Travel blog

Monday, 3 March 2008

Day 63 – Arrival in Cambodia

Excuse the lack of pictures once again, but the machines here are not able to the business... :) Will update at later time.

So last I wrote we were in the southern most part of Laos, in a place called 4000 islands created by the Mekong river being at a lower level in this the dry season. There are several permanent islands that have year-round residents, and we we're staying on the largest - Don Khon. Our first full-day here we decided to hire push bikes and do a tour of the island - something like 20km+ round-trip. Lukas got up at a ridiculous hour to make use of the limited good light in the unforgiving weather out here, while Peter and I took our time, and went it alone in the other direction.

Seeing the island by bike was the best way, as you could burn across it on a motorbike in minutes. Also Laos is a very very relaxed place, more so than anywhere I've ever experienced, and down here in the islands – life barely even crawls along, they really do take the easy-going lifestyle to a new level. And in keeping with the way of life here, we were cycling at a pace to match – if not only to stop ourselves from sweating to death in the heat. Everyone here is 'off-the-scale friendly', with every household you pass shouting Sabadi (hello/general greeting) and waving as you pass at Lao pace. Kids especially are great again here – always really interested to meet you – jumping on your bikes back seat to get a lift somewhere – always joking and playing around.

We stopped at very hospitable man's riverside shed where we enquired if it was all right to rest. He seemed pleased to accommodate and brought us a mat and pillows to catch a power-nap in the shade. We were awoken by the town drunk (whom we always seem to attract), who caused a spot of bother with our host, and so we carried on our way soon after he was moved on.

The south of the island where we started was more populated, and as we continued into the north in the afternoon; the gaps between villages (and shade) became greater, and we soon started to feel the fatigue in the searing heat. Eventually we made it back, after stopping at every possible location for a beer-lao to cool down a little – sure it didn't help the energy levels much :)

That night we met a nice group of fellow travellers, who'd come together from all over the place. We had Brits, South-African's, American, Dutch, and Austrian. We had dinner and drinks together exchanging stories and tips for the various peoples alternative destination, and also talked a lot of bollocks.. as you do.

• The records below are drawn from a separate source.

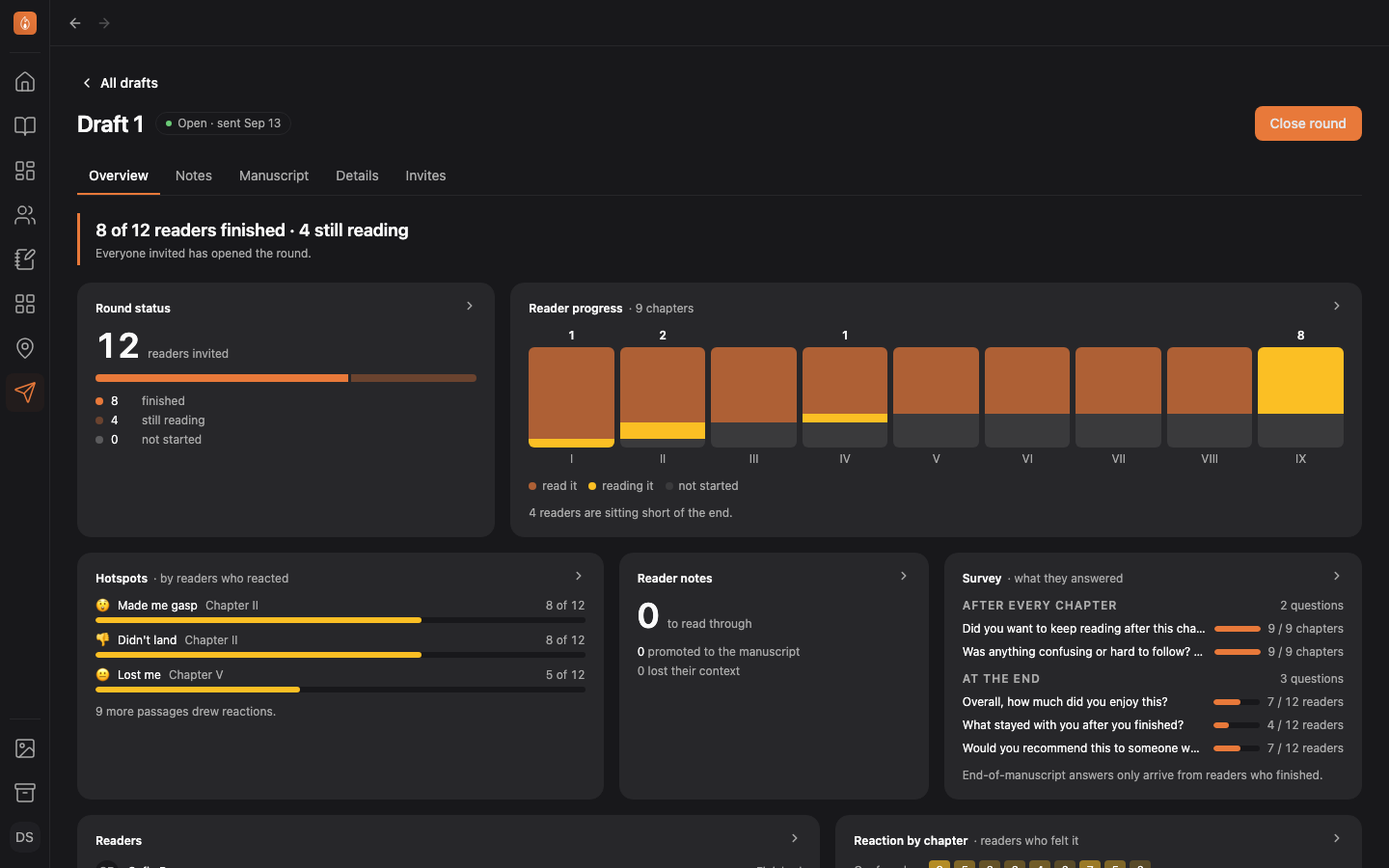 The Overview tab of a sent round: a summary line, a round status card, a reader progress chart across nine chapters, hotspots, a reader notes count, and survey results.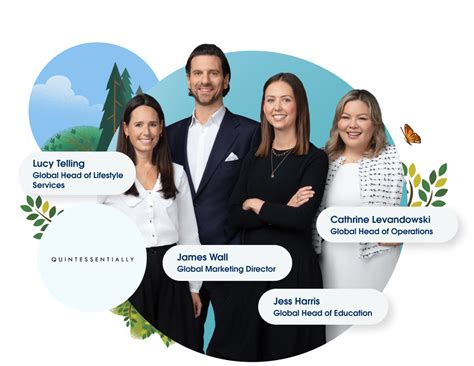 Quintessentially Enriches Members Lives With Salesforce Salesforce Uk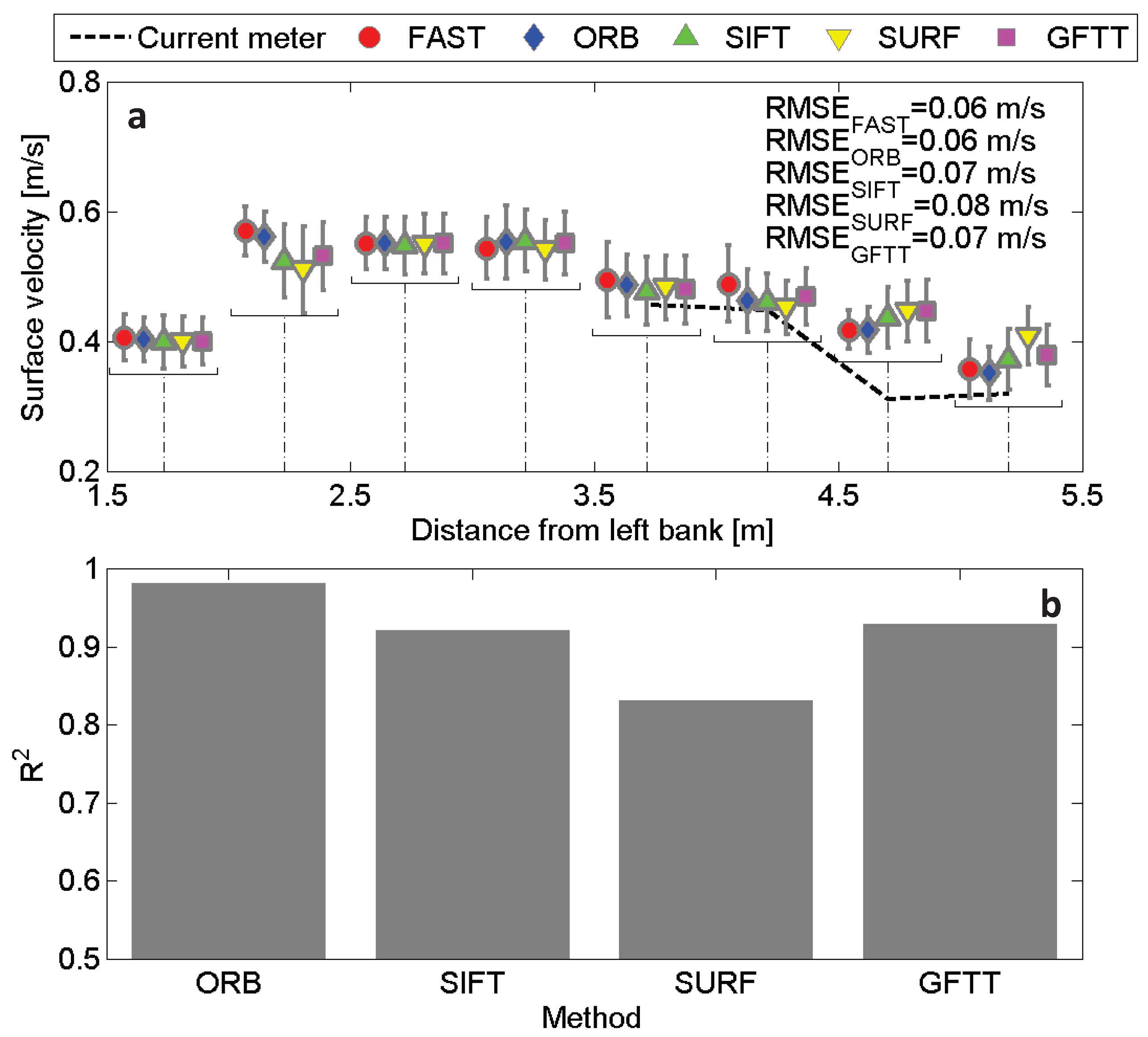 Remotesensing 10 02010 g004 Remotesensing 10 02010 g004
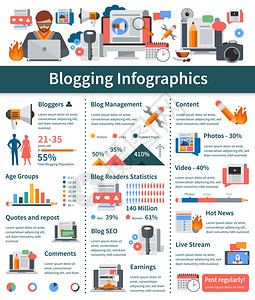 博客平信息布局博客平信息布局与博客龄统计热点新闻场景流演示博客开发工具矢量插图插画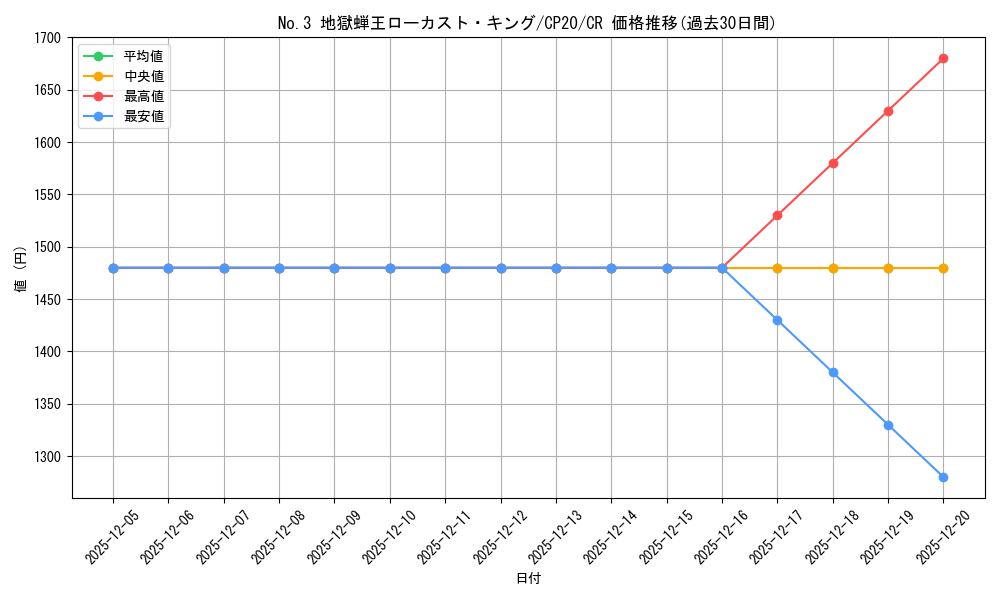 card_3146_series_7045_rarity_1299_graph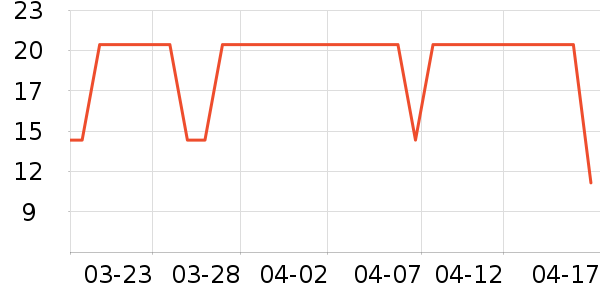 �߶ȿռ�����������ʷ�۸�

The following day we'd booked ourselves in on a day-tour to get a glimpse of the southern islands we couldn't be bother to go down and stay in. We took a boat, toured the islands, saw some old French-colonial railways, some villages, some cool waterfalls, swam in the river (clear of the falls of course) to cool off, and went dolphin watching. The second of the two falls we saw was pretty impressive – the whole Mekong falls over a ledge near the Cambodian border that's not that high, but it's wide and the largest in S.E.Asia (by volume of water). The dolphin watching consisted of dumping us on a small rock/island where you stood in silence looking for a river-dolphin to surface for air. They were always at least 100m away, so difficult to see in any detail (or photograph), but going for a swim allowed you to hear them which was much more incredible – it was so loud and sounded like a duck/cow combo noise in your ear.

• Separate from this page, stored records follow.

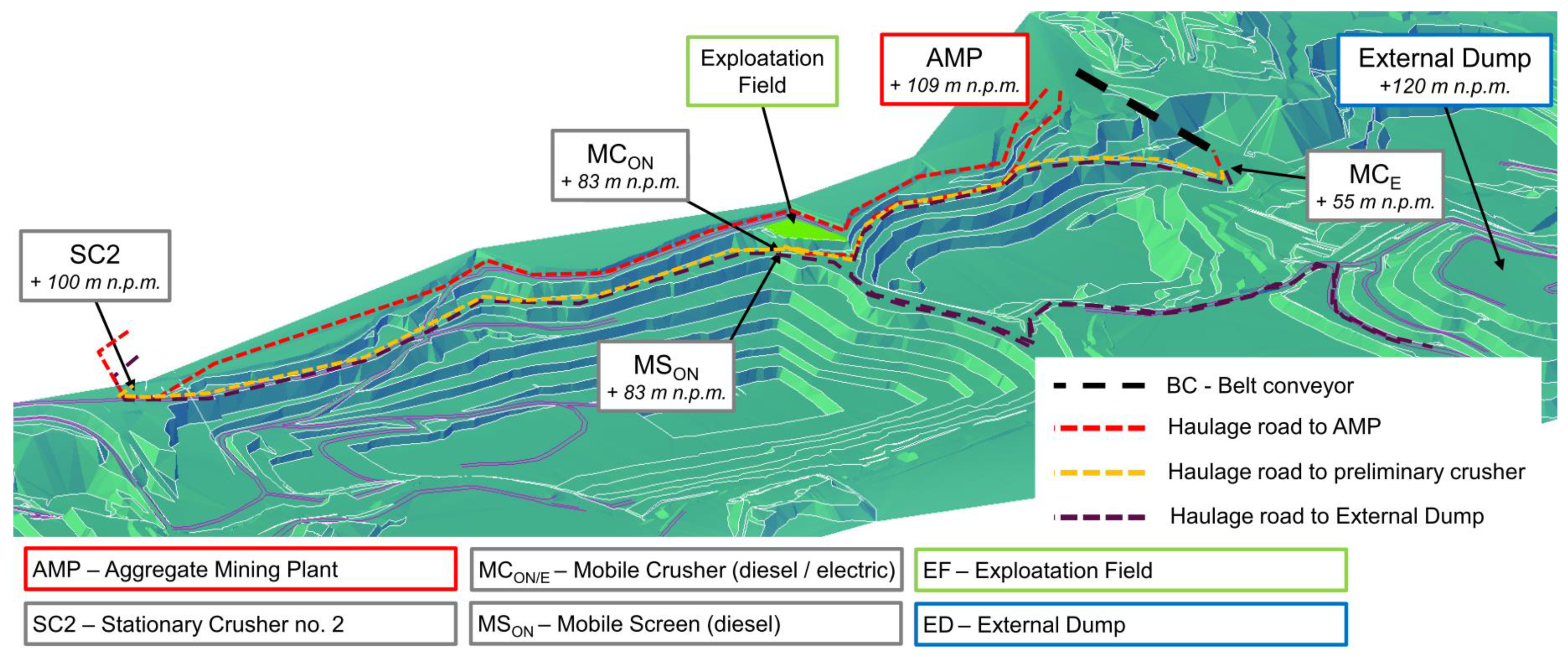 Energies 15 05979 g001 Energies 15 05979 g001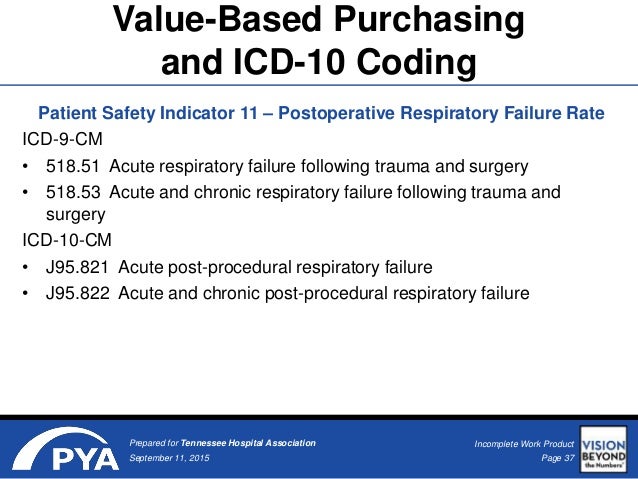 ICD-10 Is Really Here: What Does That Mean To Compliance Officers? ICD-10 Is Really Here: What Does That Mean To Compliance Officers?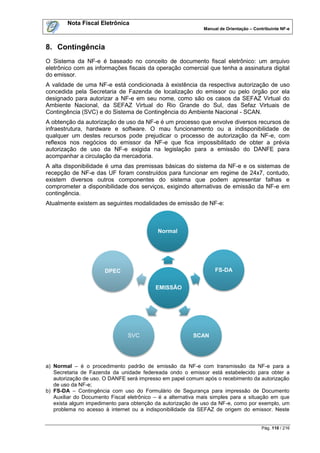 Nota Fiscal Eletrônica
                                                              Manual de Orientação – Contribuinte NF-e



8. Contingência
O Sistema da NF-e é baseado no conceito de documento fiscal eletrônico: um arquivo
eletrônico com as informações fiscais da operação comercial que tenha a assinatura digital
do emissor.
A validade de uma NF-e está condicionada à existência da respectiva autorização de uso
concedida pela Secretaria de Fazenda de localização do emissor ou pelo órgão por ela
designado para autorizar a NF-e em seu nome, como são os casos da SEFAZ Virtual do
Ambiente Nacional, da SEFAZ Virtual do Rio Grande do Sul, das Sefaz Virtuais de
Contingência (SVC) e do Sistema de Contingência do Ambiente Nacional - SCAN.
A obtenção da autorização de uso da NF-e é um processo que envolve diversos recursos de
infraestrutura, hardware e software. O mau funcionamento ou a indisponibilidade de
qualquer um destes recursos pode prejudicar o processo de autorização da NF-e, com
reflexos nos negócios do emissor da NF-e que fica impossibilitado de obter a prévia
autorização de uso da NF-e exigida na legislação para a emissão do DANFE para
acompanhar a circulação da mercadoria.
A alta disponibilidade é uma das premissas básicas do sistema da NF-e e os sistemas de
recepção de NF-e das UF foram construídos para funcionar em regime de 24x7, contudo,
existem diversos outros componentes do sistema que podem apresentar falhas e
comprometer a disponibilidade dos serviços, exigindo alternativas de emissão da NF-e em
contingência.
Atualmente existem as seguintes modalidades de emissão de NF-e:



                                            Normal




                       DPEC                                        FS-DA


                                           EMISSÃO




                                SVC                       SCAN




a) Normal – é o procedimento padrão de emissão da NF-e com transmissão da NF-e para a
   Secretaria de Fazenda da unidade federeada ondo o emissor está estabelecido para obter a
   autorização de uso. O DANFE será impresso em papel comum após o recebimento da autorização
   de uso da NF-e;
b) FS-DA – Contingência com uso do Formulário de Segurança para impressão de Documento
   Auxiliar do Documento Fiscal eletrônico – é a alternativa mais simples para a situação em que
   exista algum impedimento para obtenção da autorização de uso da NF-e, como por exemplo, um
   problema no acesso à internet ou a indisponibilidade da SEFAZ de origem do emissor. Neste


                                                                                        Pág. 110 / 216
 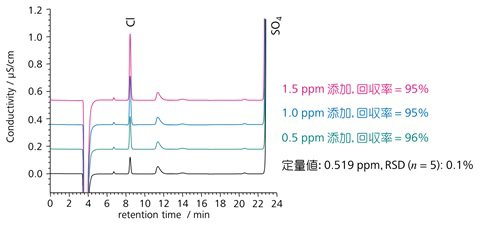 図5　銅含有ソフトエッチング液の測定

We met our friends form the previous night again after dinner for drinks and conversation, before hitting the sack for the last time in Laos, as this morning we were booked on a minibus down into our third country – Cambodia. We crossed the border today, sorted our Visas and are now in a small town south of the Laos border. Our plan is to spent tonight here before heading East to see some of the rural side of the country before committing ourselves to what looks like 2 weeks of touristy activities including Ankor Wat, and some coastal towns before returning to southern Vietnam for our final stretch.